#### SOURCE MATERIAL:
□ □ □ □ □ □ □

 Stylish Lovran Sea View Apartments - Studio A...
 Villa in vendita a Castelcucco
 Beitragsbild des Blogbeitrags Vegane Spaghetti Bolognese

□ □ □ □ □ □ □

#### WHAT THE EXERCISE ASKS:
Output the complete data verbatim.

#### EXPECTED OUTPUT:
 Stylish Lovran Sea View Apartments - Studio A...
 Villa in vendita a Castelcucco
 Beitragsbild des Blogbeitrags Vegane Spaghetti Bolognese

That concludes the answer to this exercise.